In this second experiment, we aim to investigate the behavior of the proposed methodology by varying the variance and reducing the correlation length to obtain less smooth fields. We will consider the variation of parameters for \(\sigma _Y = 1\) and \(\ell = 200\) as well as \(\sigma _Y = 2\) and \(\ell = 200\). The relative errors associated with the porosity and permeability fields, along with the misfit and CPU times, are presented in Table 3. It is noteworthy that the RMSEs of the LM solution are mostly higher than those of the initial guess. On the other hand, the direct application of the LM method to the initial guess improved the misfit, as expected. We emphasize that the misfit is evaluated at the production wells only, while the RMSEs consider the entire domain.

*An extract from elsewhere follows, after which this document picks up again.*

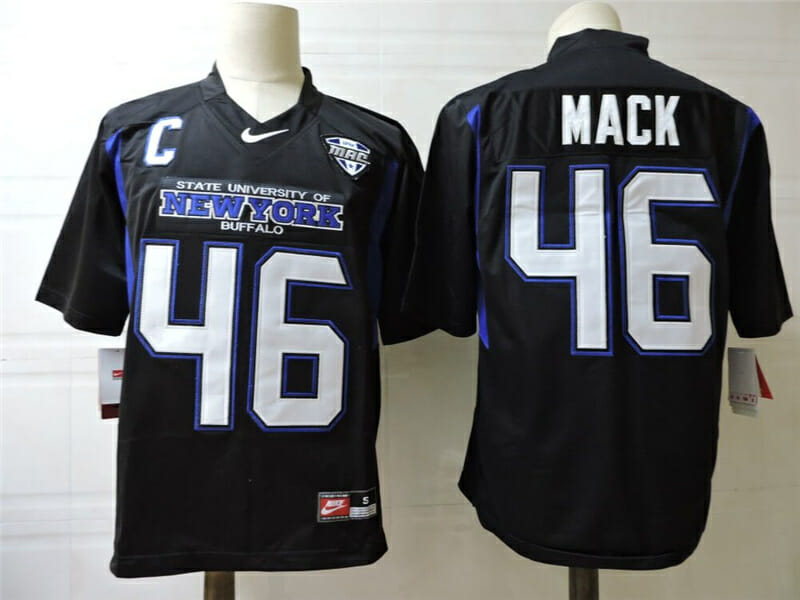 New York Buffalo #46 Mack College Football Jersey 1 New York Buffalo #46 Mack College Football Jersey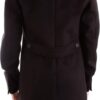 Manteau long homme Patrizia Pepe noir col cranté-3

Table 3 RMSE for porosity and permeability using initial guess, RW, LM, and RW-LM, and CPU time, considering the pairs (\(\sigma _Y = 1\), \(\ell = 200\)) and (\(\sigma _Y = 2\), \(\ell = 200\))

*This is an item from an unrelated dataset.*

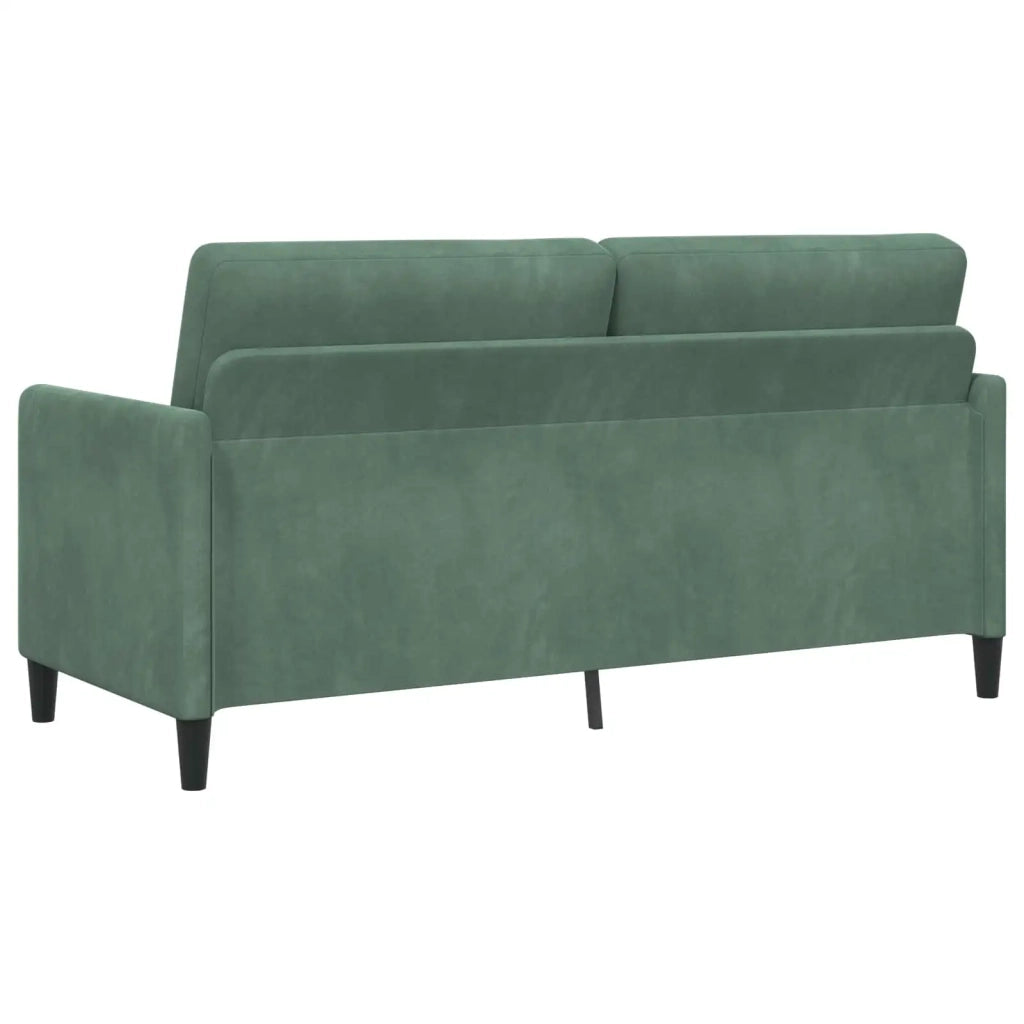 Set di Divani con Storage 2 pz Verde Mare Poliestere 3429257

To better illustrate the data presented in Table 3, Figs. 7 and 8 display the reference fields alongside the approximation fields of porosity and permeability, respectively considering \(\sigma _Y = 1\) and \(\ell = 200\). As in the first experiment, it can be observed that the RW-LM combination yielded porosity and permeability fields that closely approximate the reference fields, in contrast to those derived from RW and LM originating from the initial guess. Nonetheless, the RW method succeeded in establishing a robust initial guess for this set of parameters. However, upon increasing the variability of the model, the approximated fields failed to converge to the reference fields of porosity and permeability (see Figs. 9-10). This result suggests that a greater number of samples in the RW method and an increased number of iterations in the LM algorithm may be required to achieve convergence.

Fig. 7
figure 7

(a) Reference and (b) initial porosity field. Numerical approximation using (c) RW, (d) LM, and (e) RW-LM algorithms for the porosity field for \(\sigma _Y = 1\) and \(\ell = 200\)

Fig. 8
figure 8

(a) Reference and (b) initial log-permeability field. Numerical approximation using (c) RW, (d) LM, and (e) RW-LM algorithms for the log-permeability field for \(\sigma _Y = 1\) and \(\ell = 200\)

Fig. 9
figure 9

(a) Reference and (b) initial porosity field. Numerical approximation using (c) RW, (d) LM, and (e) RW-LM algorithms for the porosity field for \(\sigma _Y = 2\) and \(\ell = 200\)

Fig. 10
figure 10

(a) Reference and (b) initial log-permeability field. Numerical approximation using (c) RW, (d) LM, and (e) RW-LM algorithms for the log-permeability field for \(\sigma _Y = 2\) and \(\ell = 200\)

Remark 1

The misfit \(f(\phi , \kappa )\) was tested with \(L_1\) and \(L_\infty\) norms. Due to the particular boundary configurations in our examples, the misfit computed from different norms do not have significant difference and therefore will not be presented.

Remark 2

We have not presented any statistics of the porosity and permeability models. It is not clear how the LM method could possibly contribute to the statistics of the inverted parameters, as it is a deterministic approach. However, statistics may be derived from the samples generated during the RW algorithm [27]. These statistics could be useful to validate the RW-LM solution.

8 Conclusion

This study focused on a robust combined RW-LM algorithm, capable of efficiently solving inverse problems in highly heterogeneous porosity and permeability fields. The proposed methodology utilizes Markov chains with Gaussian covariance to control the acceptance or rejection of heterogeneous fields within the MsFV. The solution is then refined by LM, using a local minimum algorithm. Moreover, the method was capable to highlight characteristics of the target fields in the numerical experiments. Additionally, only a few iterations were used in the local search to achieve convergence. Another crucial observation is that it facilitates the extension of characterization to multiple independent fields and provides a close approximation of numerical pressure and saturation solutions.